HB 87 would shorten the statute of limitations on deficiency judgments, to one year from five.

A deficiency judgment occurs when courts rule in favor of lenders, if they can show that borrowers owe more on a mortgage than a property has sold for.

But consumer advocates say another feature would prove more troublesome, with the bill putting the burden of proof on borrowers to show why a lender should not win an expedited foreclosure from a judge.

Passidomo says the provision “preserves all appropriate due process rights protecting borrowers. It eliminates unnecessary court hearings, and it permits community associations standing to participate when there are delinquent assessments due.”

The bill also would be retroactive, which has raised the ire of foreclosure defense attorneys.

“Say you’re already fighting a foreclosure in court,” said Charles Gallagher III, a St.
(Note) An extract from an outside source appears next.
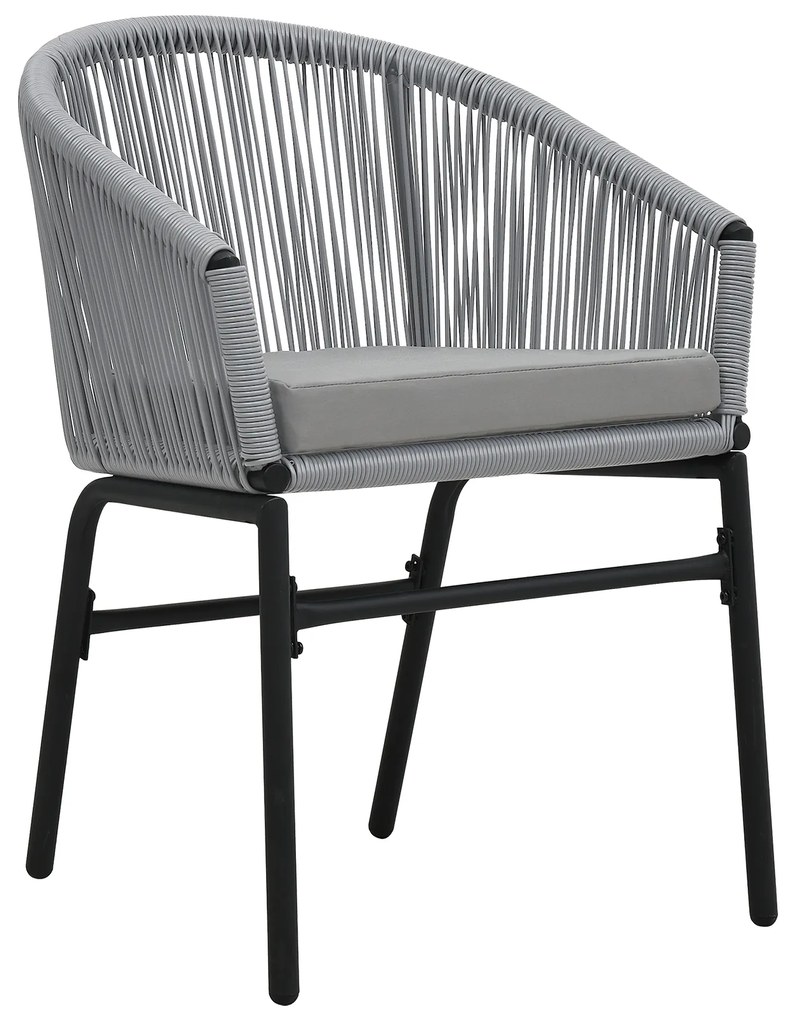 vidaXL Σετ Εξωτερικής Τραπεζαρίας 9 pcs Γκρι Large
Petersburg attorney. “If this passes, even though the bill wasn’t in effect when your case started, all of a sudden you’d have a new burden and new guidelines. The bill itself is very bank-friendly, and revokes a whole lot of procedural protections.”

But the Florida Bankers Association said the bill would accelerate a stymied process.
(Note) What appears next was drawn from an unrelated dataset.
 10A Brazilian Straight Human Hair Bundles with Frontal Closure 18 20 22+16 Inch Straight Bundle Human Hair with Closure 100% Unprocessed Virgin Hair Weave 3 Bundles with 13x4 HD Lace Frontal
“Our position is, once we start the foreclosure proceeding, the faster we can complete it, the faster the property can get sold,” said Anthony DiMarco, the association’s executive vice president of government affairs.

Delinquent borrowers now can live rent-free in homes where mortgages are in default for months at a time, and delay foreclosure hearings or force actions to trial, DiMarco said.

The association is hoping to negotiate a longer time period for filing deficiency judgments.

“We understand they want to go down, but we think going from five years to one is too much of a change,” DiMarco said.

Florida Realtors also supports HB 87. The group says that it would help neighborhoods plagued by foreclosed and empty homes, and also prop up house and condo values.

“We think it provides protections for homeowners and allows for faster foreclosures,” said Trey Goldman, the group’s legislative counsel.

‘More certainty’

Another HB 87 provision mandates that even if an appeals court determines that a homeowner was erroneously foreclosed on, they could not get their property back as part of a judgment. Instead, those borrowers would be entitled only to a monetary payment.

“We think that will bring more certainty to the market,” said Goldman.

HB 87 also would enhance condo and homeowner associations’ standing in legal proceedings.

“This is going to help them, which is important to all the members of the association,” Goldman said.

Senate Bill 1666 is roughly parallel in its reforms, but it adds two other important measures.

It would make the appointment of retired circuit court judges as foreclosure judges more permanent. The practice has been used extensively in the 12th Circuit, hard hit by foreclosures.

The Senate bill also eliminates the requirement that property owners be notified a second time about a pending foreclosure in a print newspaper advertisement.

Instead, that second publication requirement could occur on a publicly accessible website, such as a clerk of the court site, in lieu of other media.

Foreclosure defense attorney Matt Weidner, another St. Petersburg attorney, calls that aspect of the bill “troubling.”

“Particularly with these lower income folks, the only way they found out they were being foreclosed upon is in a newspaper,” Weidner said.

As the Legislature kicked off its annual session Tuesday, other bills pertaining to foreclosures are also circulating.

Orlando Senator Darren Soto, D-Orlando, has several.

His SB 1228, a “Short Sale Debt Relief Act,” would make deficiency judgments unenforceable on a short sale if the original debt was 20 percent or greater than fair market value.

But Weidner, the St. Petersburg attorney, contends many of the new bills would be superfluous.

“The problem in foreclosure court is not that pesky defense attorneys are holding up the procedure, and it is not that the courts are not doing their job or that the existing laws don’t work,” said Weidner, who along with other attorneys has formed Florida Consumer Justice Advocates, to fight some of the reform bills.

“The foreclosure problem is the banks, choosing not to complete foreclosures,” he said. “They don’t want to. They realize it is better to negotiate or get a short sale done.”